Now, real estate investors who convert their investment property to their personal residence will have to wait five years from the date the property was purchased as part of the 1031 exchange. However, the investor only has to live in the property for two of the five years, and can rent out the house during the other three years.

“Now you have to own your property for five years, no matter what,” said Nathanson. “If you sell a two-flat and buy a house in Florida as part of a 1031 exchange, you have to rent it out for two years to be safe, and then you can either live there from years 2 to 5 or rent it out for part of that time. But you’re stuck with the house if you want to be able to sell it and keep your profits tax free.”

The two-year period is considered to be “safe harbor” by many real estate attorneys and tax professionals.

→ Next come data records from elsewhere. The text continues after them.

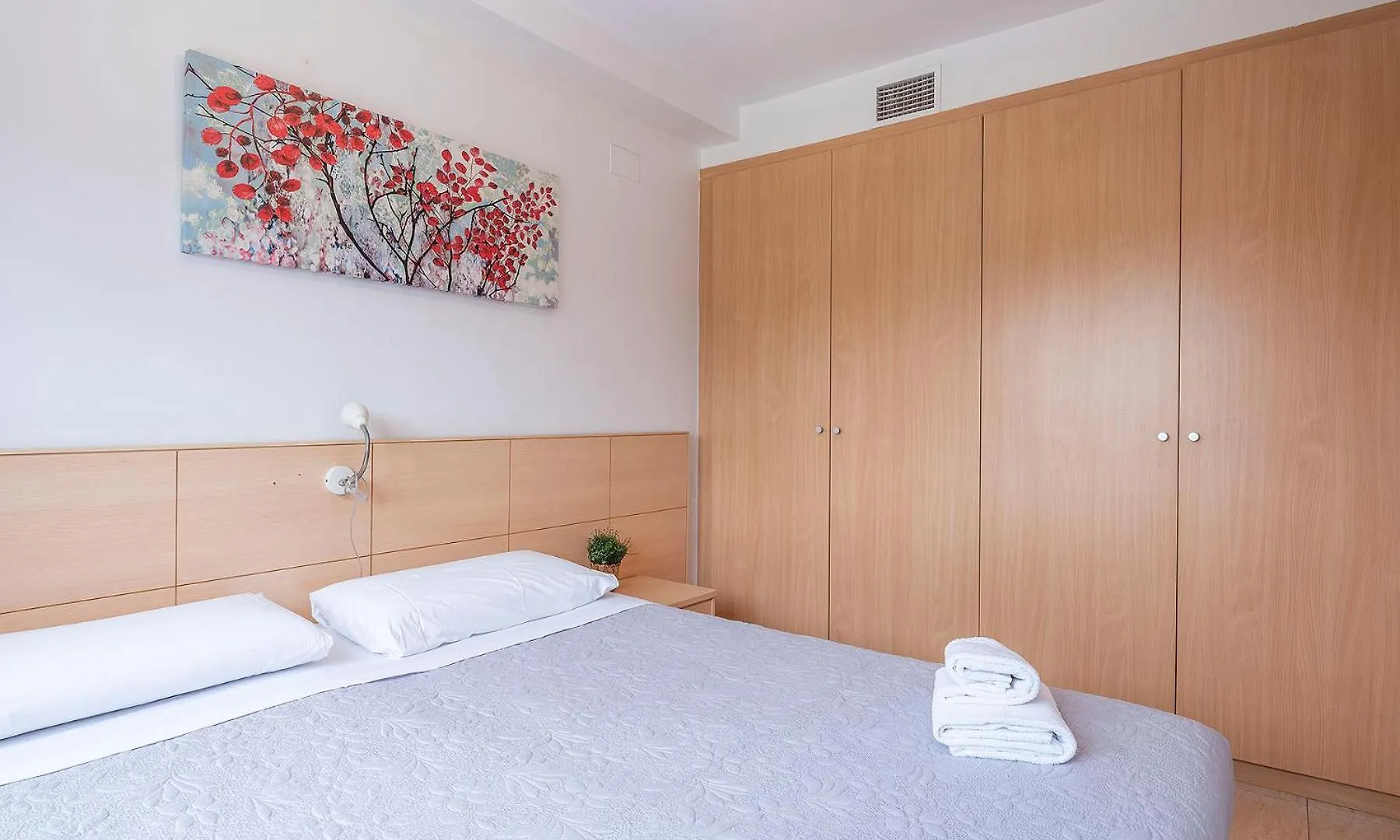 Apartment Apartamentos Velor Spain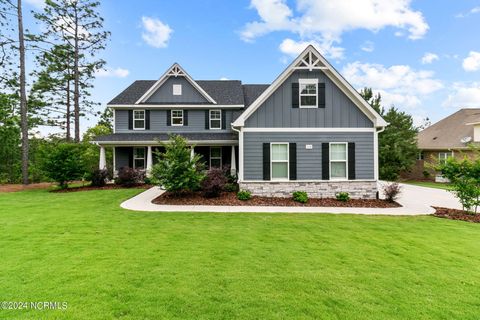 A home in West End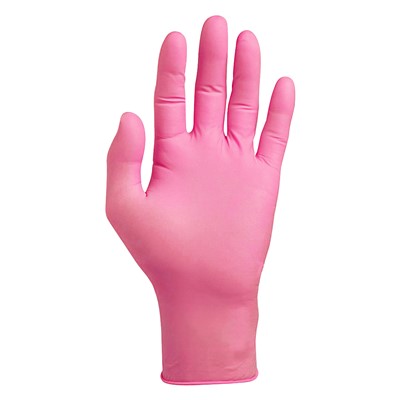 Ansell MicroFlex Powder Free Latex Gloves 233-MD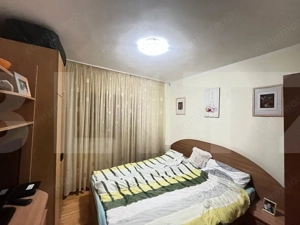 Apartament 3 camere | 54,47 mp utili | Etaj 3 | Parcare | Zona Primăverii - imagine 6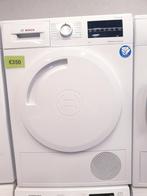 warmtepomp droger Bosch 7kg️ ✅️Serie6 A++ INC GARANTIE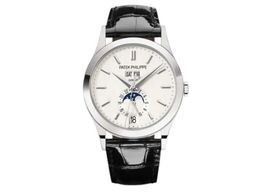 Patek Philippe Annual Calendar 5396G-011 -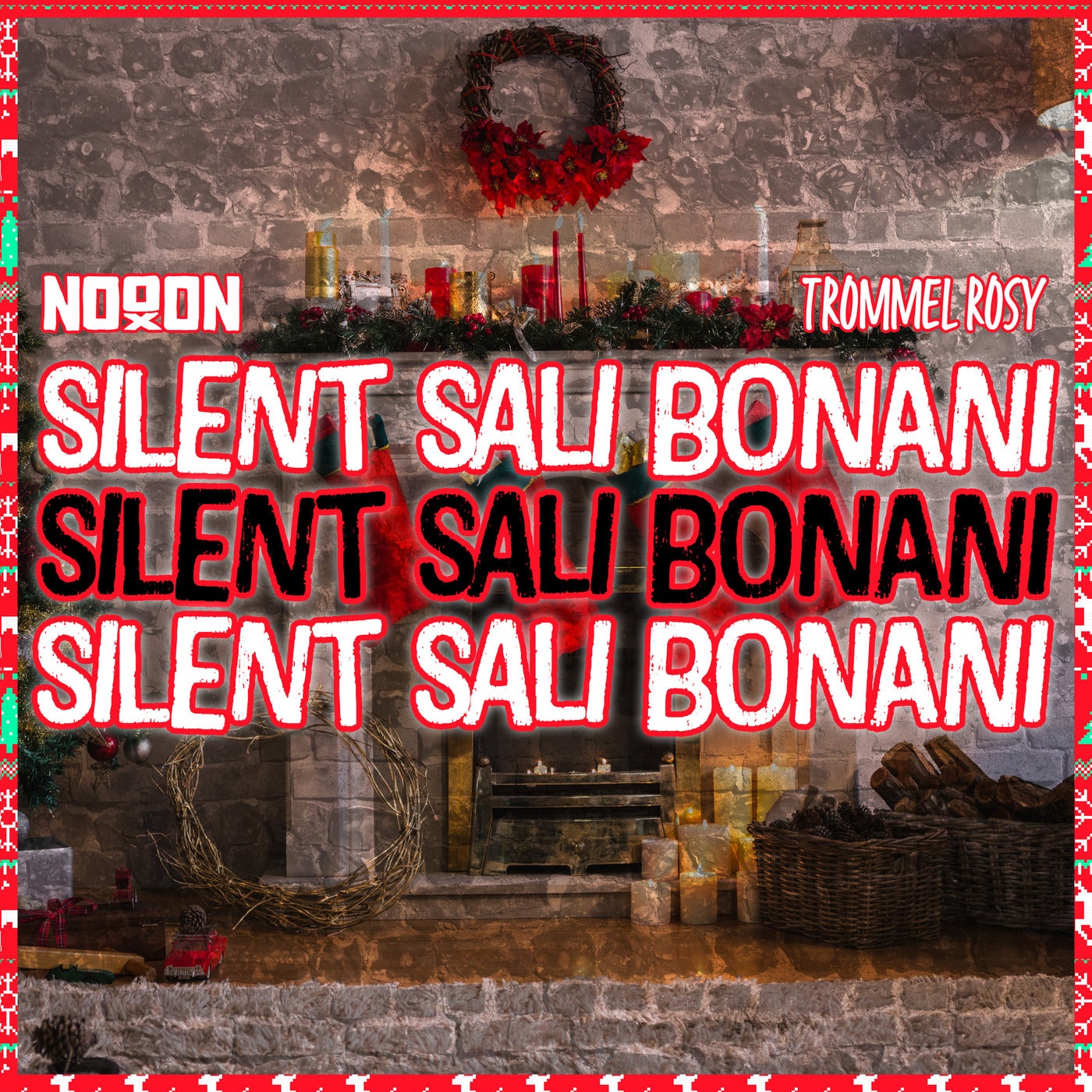 Silent Sali Bonani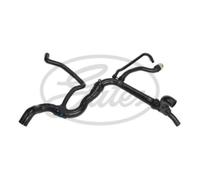 GATES Tubo Del Radiatore Tubo Dell'Intercooler Per Opel Vectra B J96 CC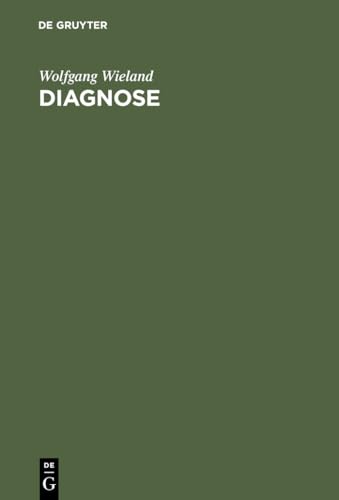 Diagnose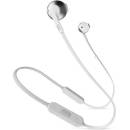Image 1 of JBL Tune 205BT silver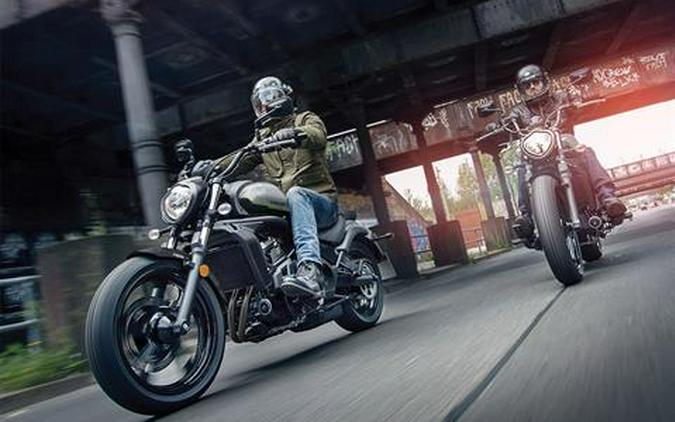 2026 Kawasaki Vulcan S ABS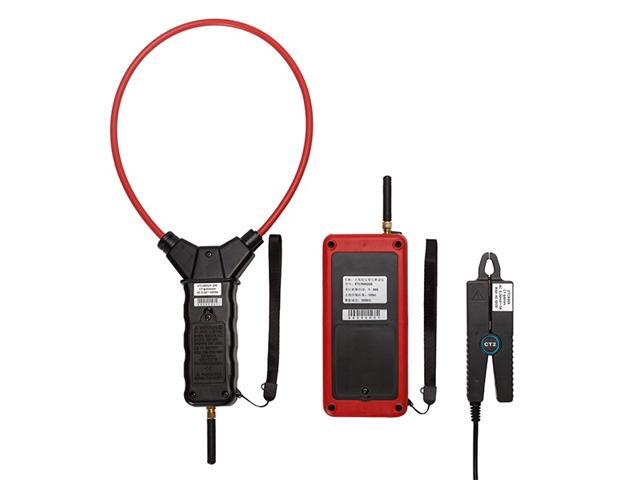 ETCR9620B LV Current Transducer Transformation Ratio Tester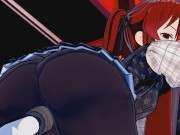 Fire Emblem - Severa 3D Hentai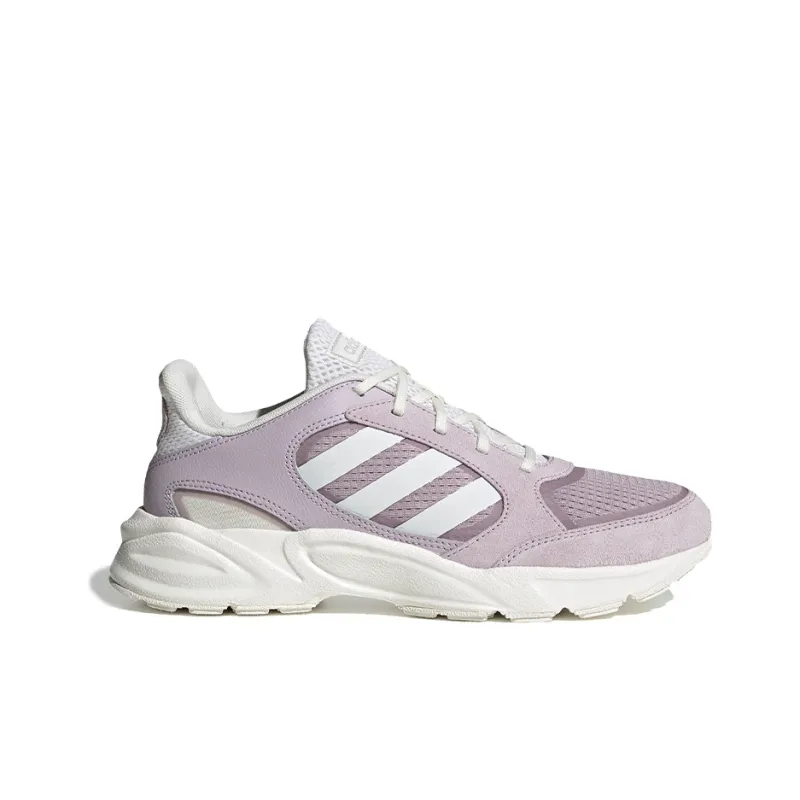 Adidas Women's 90s Valasion 'Mauve' Women's-1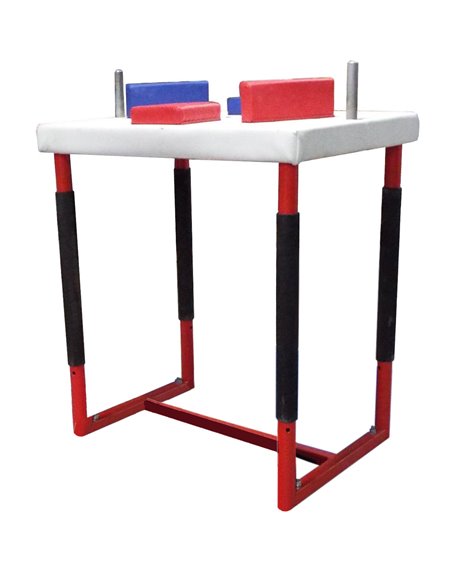 Стол для армрестлинга разборный ФАР AV125/80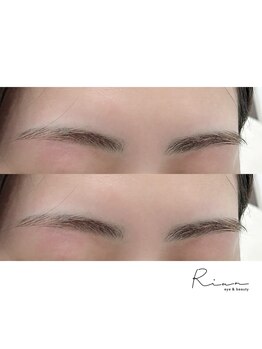 リアン アイ 太田(RIAN eye)/眉ワックス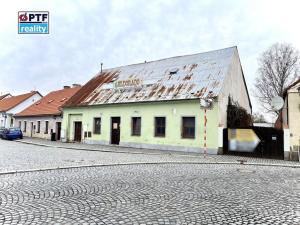 Prodej restaurace, Nepomuk, Plzeňská, 180 m2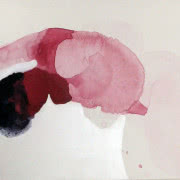 Monika Smyła, bez tytułu, 2011, akryl, płótno,...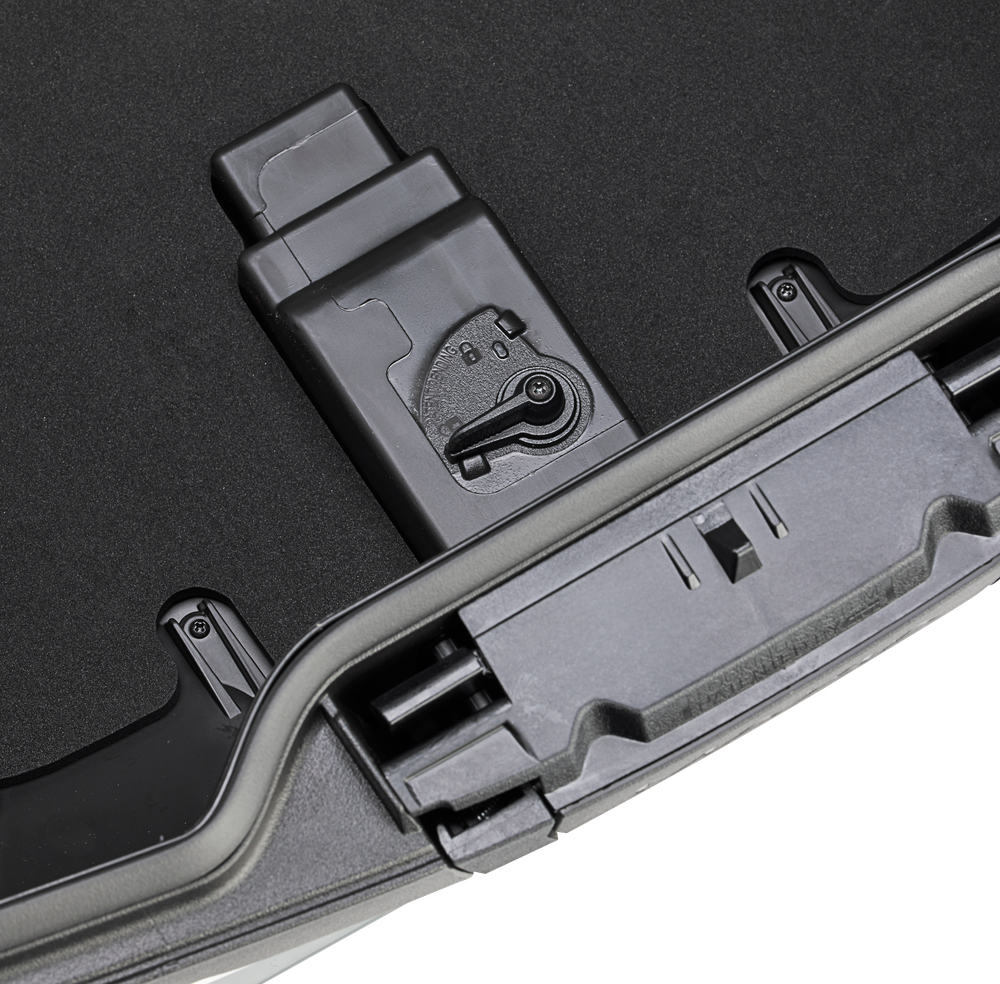 V58 - Valigie & Bauletti Monokey® System V58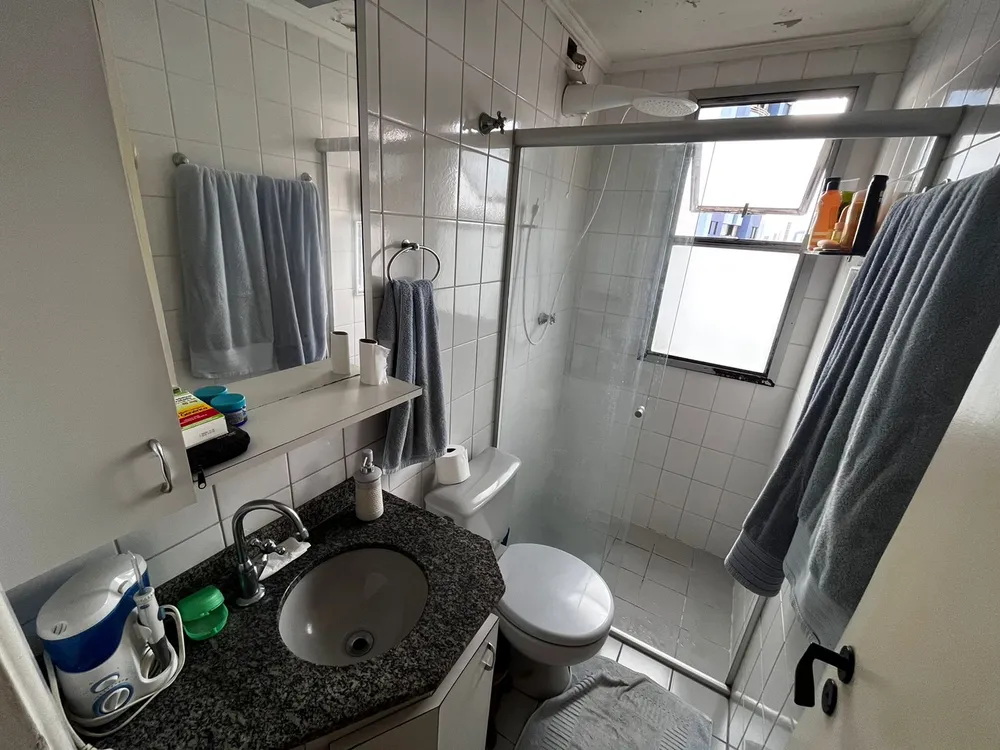 Apartamento, 2 quartos, 60 m² - Foto 3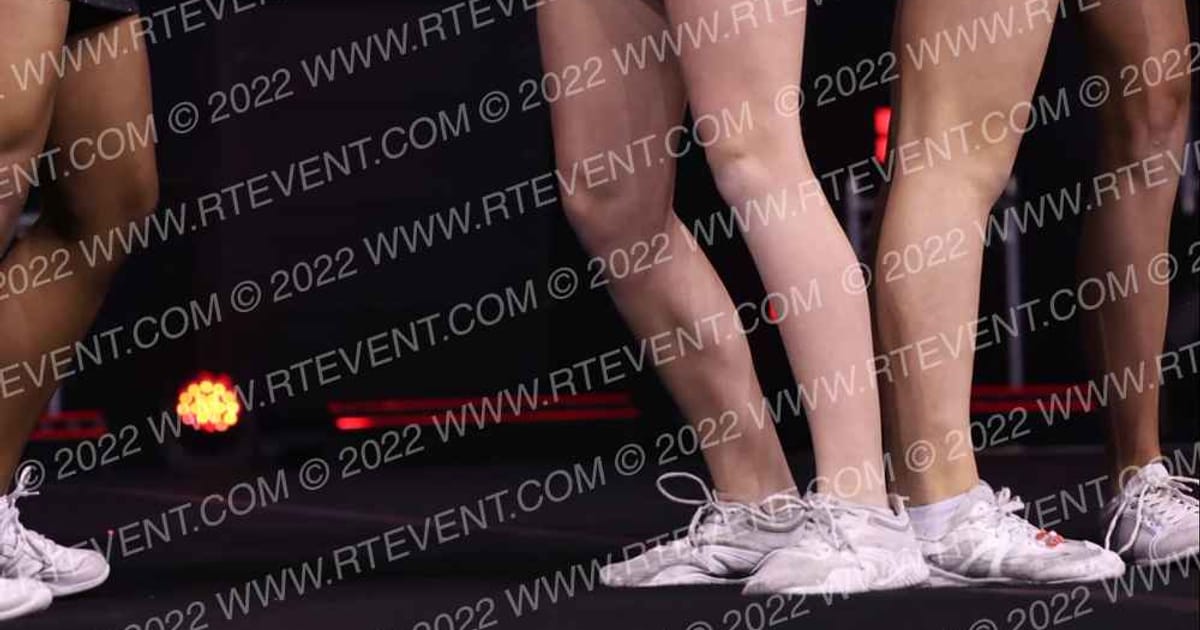 Stealth Elite Cheer Shadow · Jamfest Cheer Super Nationals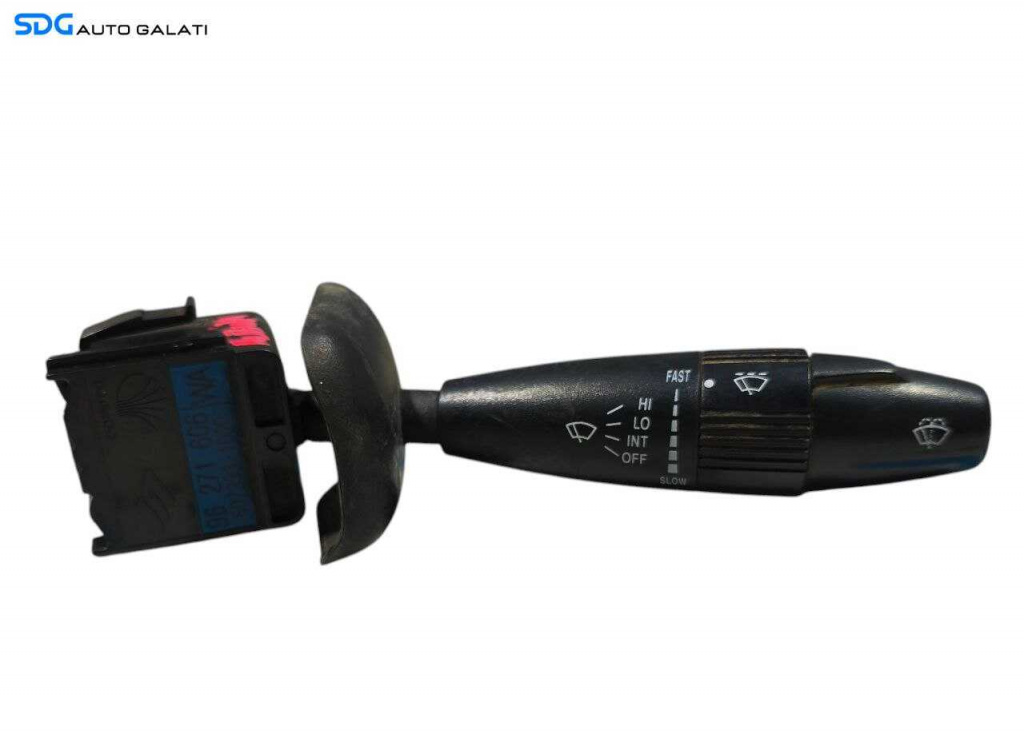 Maneta Stergator Daewoo Nubira 2 2000 - 2008 Cod 5073331000 [LR1329]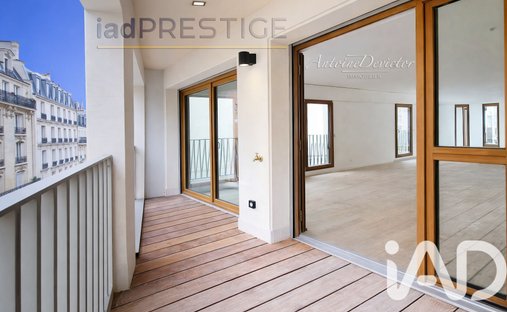 Apartment in Nation-Picpus, Paris 12e Arrondissement, Paris 1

If you sell the investment property or trade it for another investment property within two years, you may have to prove that you had the “intent” to use it as an investment when you completed the original 1031 exchange.

Just don’t think you’re going to fool the IRS.

“Intent is a very important part of a 1031 exchange,” explained Nathanson, who is also a real estate attorney. “If you’re exchanging one real estate investment for another, you have to have the intent of keeping it as an investment when you close on the property.”

“There was a case where a real estate agent bought an apartment building and then carved them up into condos and sold them within the first year after buying the building. The IRS said the agent was acting more like a dealer rather than an investor. The agent defended himself by saying he had the intent of renting out the units, but the condo market was too good,” Nathanson recalled.

“But the IRS investigator went into the MLS records and found that the agent was marketing the condos for sale even before purchasing the building,” he added. That sort of squashed the “intention to rent” theory.